# Acceleration of matrix geometric series

Suppose we want to find $x$ such that:

$$x=b+Ax$$

where $A$ is a large sparse square matrix with eigenvalues in the unit circle.

There are two representations of the solution:

1) $$x=(I-A)^{-1}b,$$

2) $$x=\sum_{k=0}^\infty{A^k b}.$$

Since we cannot practically store powers of the matrix $A$ (due to memory limits: indeed in practice, we just have a function that computes $Ax$ given $x$), using the representation 2) means evaluating the recurrence:

$$x_t=b+A x_{t-1}.$$

However, since $A$ may have eigenvalues close to $1$ in magnitude, this will converge slowly.

Is there a multivariate series acceleration method which would handle such recursions? (E.g. a multivariate version of the Aitken "delta-squared" process/Steffensen's method.)

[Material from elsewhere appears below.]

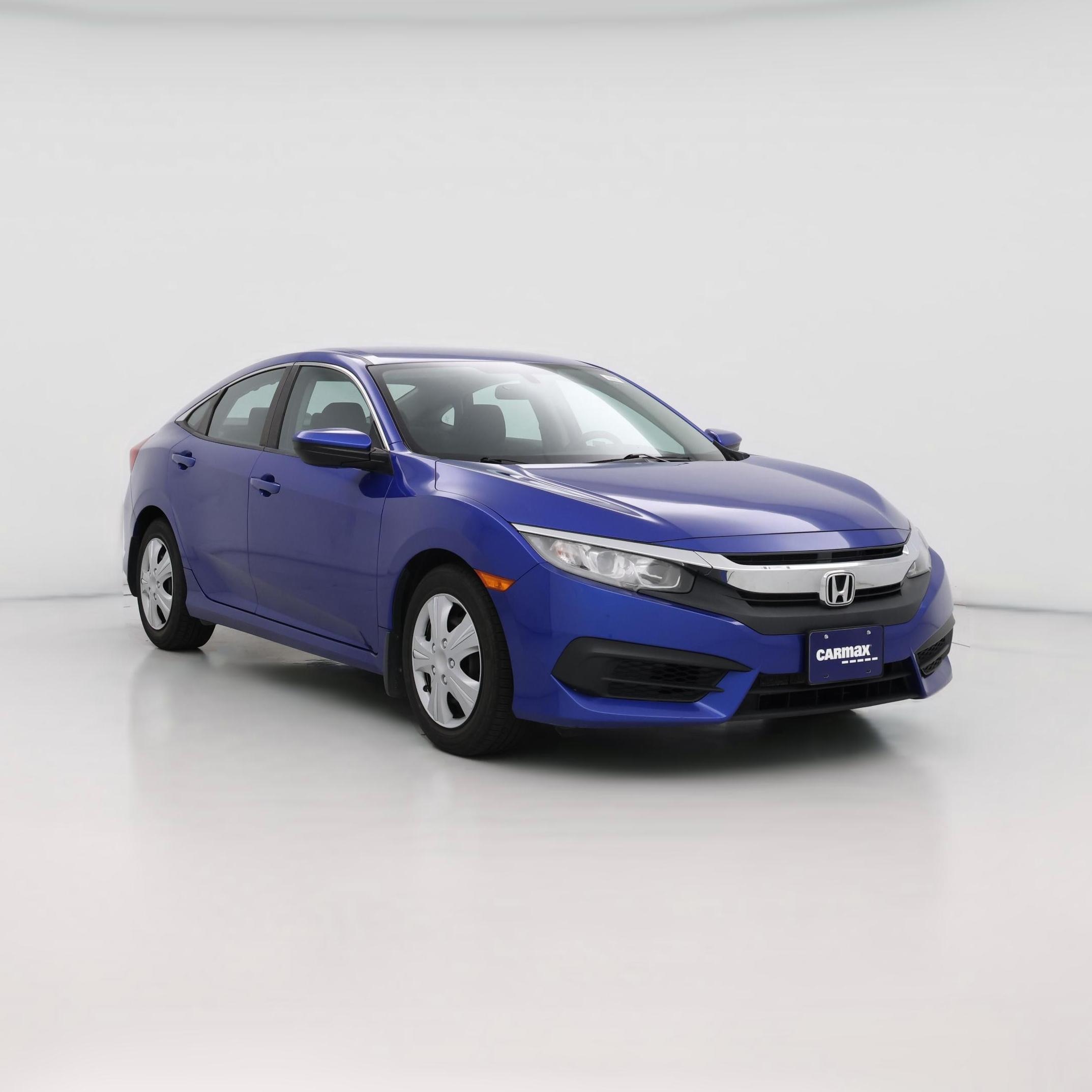 Thumbnail: 2018 Honda Civic - 1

Alternatively, is there a technique for solving 1) directly that is guaranteed to have good performance? Do our assumptions on $A$ imply anything about the performance of GMRES / CGS / BICGSTAB(L) / QMR etc.?

Note: This question: "Is there a faster method to compute the geometric series of a matrix?" is similar but seems to be interested in finite sums of small dense matrices, rather than infinite sums of large sparse matrices.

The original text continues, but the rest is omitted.